The TESSDATA_PREFIX is set to the parent folder of the tessdata folder of the commandline tesseract 4.0.0 (C:\Program Files (x86)\Tesseract-OCR). The commandline tesseract produces reasonable output in all four OCR Engine Modes.
Here is my code:
package tessTest;
import java.util.ArrayList;
import java.util.List;
import net.sourceforge.tess4j.*;
import net.sourceforge.tess4j.ITesseract.RenderedFormat;
public class MainClass {
public static void main(String[] argv) {
ITesseract instance = new Tesseract1();
List<RenderedFormat> formats = new ArrayList<RenderedFormat>();
formats.add(RenderedFormat.PDF);
try {
instance.setPageSegMode(1);
instance.setOcrEngineMode(2);
instance.setTessVariable("textonly_pdf", "1");
instance.createDocuments("D:\\Documents\\Malverne.jpeg",
"D:\\Documents\\testOCR", formats);
} catch (TesseractException e) {
System.err.println(e.getMessage());
}
}
}
With setOcrEngineMode(1) or setOcrEngineMode(0) it produces the pdf as expected. With setOcrEngineMode(2) and setOcrEngineMode(3) it results in the following error:
Exception in thread "main" java.lang.Error: Invalid memory access
at net.sourceforge.tess4j.TessAPI1.TessBaseAPIProcessPages(Native Method)
at net.sourceforge.tess4j.Tesseract1.createDocuments(Tesseract1.java:542)
at net.sourceforge.tess4j.Tesseract1.createDocuments(Tesseract1.java:517)
at net.sourceforge.tess4j.Tesseract1.createDocuments(Tesseract1.java:484)
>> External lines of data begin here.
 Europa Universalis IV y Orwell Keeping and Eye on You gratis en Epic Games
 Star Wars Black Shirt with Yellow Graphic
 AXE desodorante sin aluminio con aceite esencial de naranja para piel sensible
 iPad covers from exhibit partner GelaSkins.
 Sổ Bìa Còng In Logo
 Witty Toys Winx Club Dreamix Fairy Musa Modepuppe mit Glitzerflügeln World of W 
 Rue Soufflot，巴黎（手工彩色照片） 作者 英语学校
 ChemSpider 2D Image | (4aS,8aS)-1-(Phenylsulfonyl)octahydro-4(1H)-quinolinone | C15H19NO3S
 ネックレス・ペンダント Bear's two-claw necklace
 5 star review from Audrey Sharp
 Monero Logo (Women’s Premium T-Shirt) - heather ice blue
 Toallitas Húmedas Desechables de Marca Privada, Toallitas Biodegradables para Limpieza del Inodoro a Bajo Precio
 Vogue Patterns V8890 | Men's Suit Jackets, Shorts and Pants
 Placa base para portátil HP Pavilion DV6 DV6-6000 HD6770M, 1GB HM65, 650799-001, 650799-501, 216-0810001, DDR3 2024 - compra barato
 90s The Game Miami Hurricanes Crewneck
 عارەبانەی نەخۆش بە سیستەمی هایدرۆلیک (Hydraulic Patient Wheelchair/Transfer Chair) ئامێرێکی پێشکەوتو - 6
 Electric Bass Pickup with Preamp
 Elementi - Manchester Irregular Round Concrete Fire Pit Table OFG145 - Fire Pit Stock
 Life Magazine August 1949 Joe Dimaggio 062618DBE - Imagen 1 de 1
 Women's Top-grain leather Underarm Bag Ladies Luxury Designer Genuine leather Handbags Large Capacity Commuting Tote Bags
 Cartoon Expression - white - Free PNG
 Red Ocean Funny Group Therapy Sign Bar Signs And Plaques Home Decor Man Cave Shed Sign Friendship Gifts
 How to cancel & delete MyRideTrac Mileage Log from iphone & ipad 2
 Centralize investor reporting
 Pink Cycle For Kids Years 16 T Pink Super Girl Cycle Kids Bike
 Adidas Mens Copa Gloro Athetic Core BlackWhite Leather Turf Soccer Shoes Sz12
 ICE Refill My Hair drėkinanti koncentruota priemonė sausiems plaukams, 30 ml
at tessTest.MainClass.main(MainClass.java:21)
Detected 358 diacritics
contains_unichar_id(unichar_id):Error:Assert failed:in file
c:\projects\github\tesseract-ocr\ccutil\unicharset.h, line 513
It seems to be an issue with this particular image since on other images OEM 2 works fine from tess4j 4.0.0. I am aware that preprocessing the image will probably help, but I am working on a project where regularily many thousands of pictures, only some of which are similar to this one, will have to be OCRed by users so tailored preprocessing on a case-by-case-basis is infeasible.
The image in question is this one: http://malvernetheatre.org/wp-content/uploads/2012/07/Malverne-Community-Theatre-Newspaper-Reviews-14-page-0.jpg
Any help would be greatly appreciated. Many thanks in advance.